## Task description
Set down each entry exactly as given; pictures should not appear in the copy.

## Given data
★ ★ ★ ★
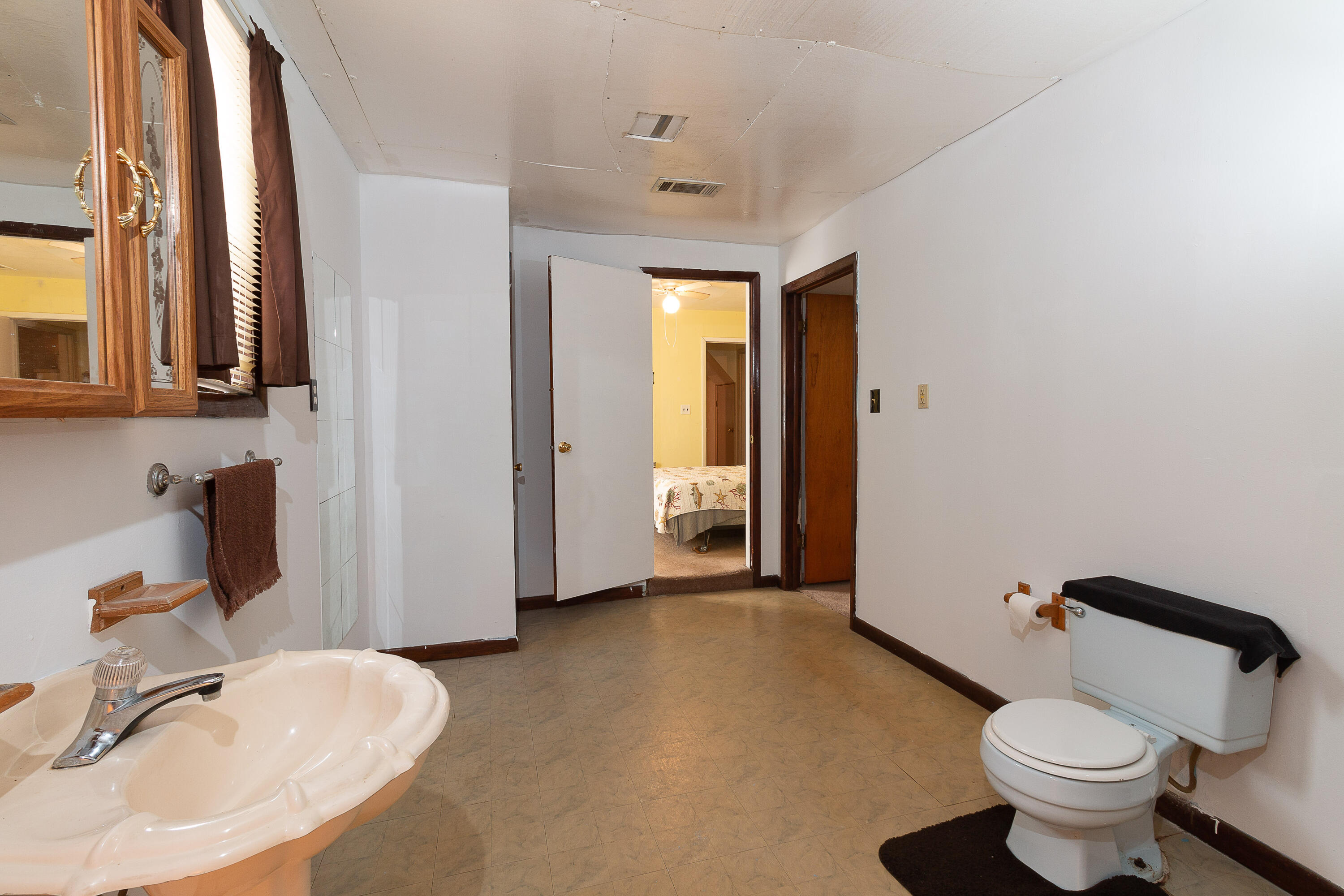 OAKWOOD HILLS UNIT 3 - Residential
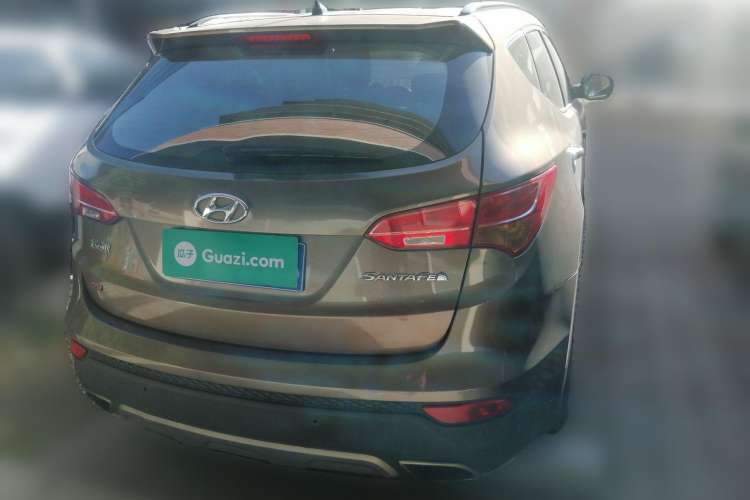 Used Hyundai Santa Fe 2013 2.4L Automatic 2WD Comfort Edition Rear Right 45 Deg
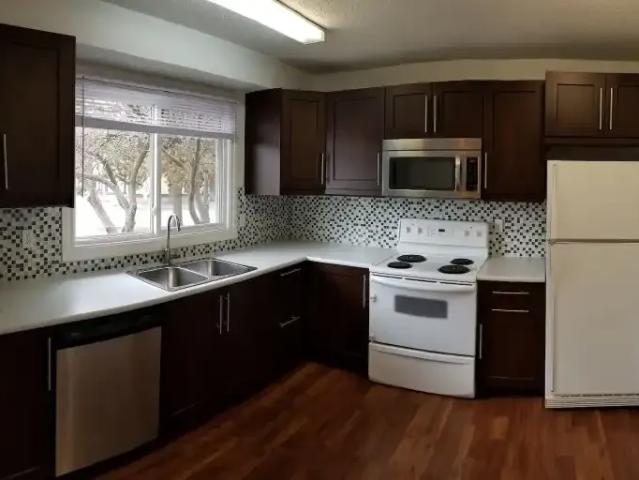 Townhouse for rent in Wedgewood, Alberta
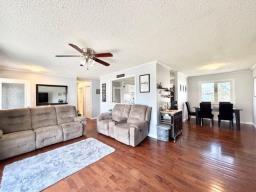 43 Charles Avenue, Shilo, MB R0K2A0 Photo 6
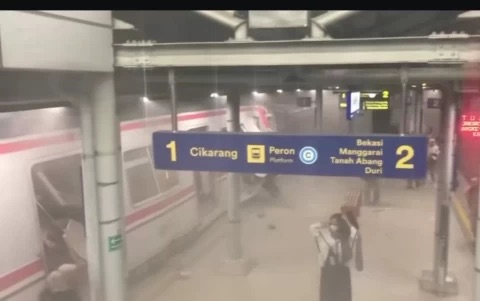Kecelakaan Kereta Argo Bromo Anggrek vs KRL di Stasiun Bekasi, 3 Tewas dan Sejumlah Perjalanan Dibatalkan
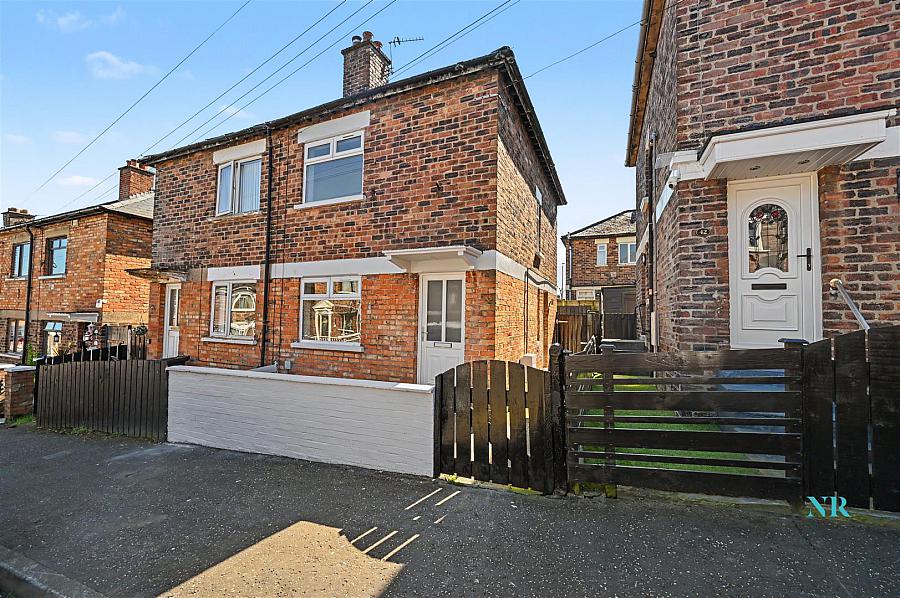 40 Dhu Varren Crescent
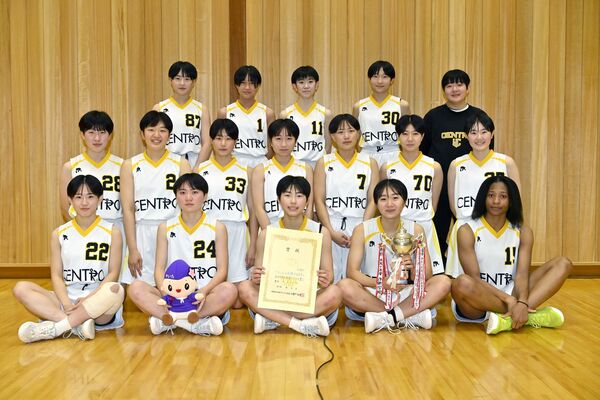 女子優勝の矢板中央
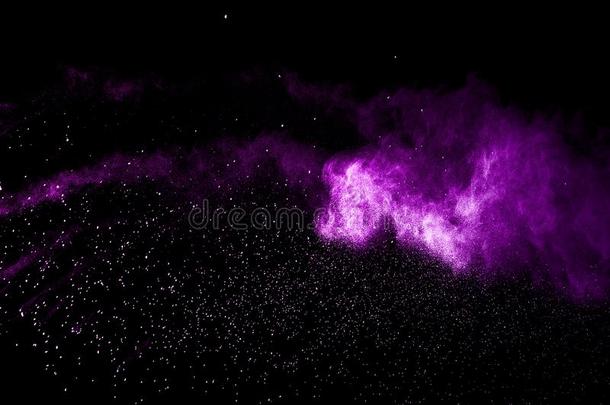 爆炸关于紫色的灰尘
★ ★ ★ ★
## Worked solution
 OAKWOOD HILLS UNIT 3 - Residential
 Used Hyundai Santa Fe 2013 2.4L Automatic 2WD Comfort Edition Rear Right 45 Deg
 Townhouse for rent in Wedgewood, Alberta
 43 Charles Avenue, Shilo, MB R0K2A0 Photo 6
Kecelakaan Kereta Argo Bromo Anggrek vs KRL di Stasiun Bekasi, 3 Tewas dan Sejumlah Perjalanan Dibatalkan
 40 Dhu Varren Crescent
 女子優勝の矢板中央
 爆炸关于紫色的灰尘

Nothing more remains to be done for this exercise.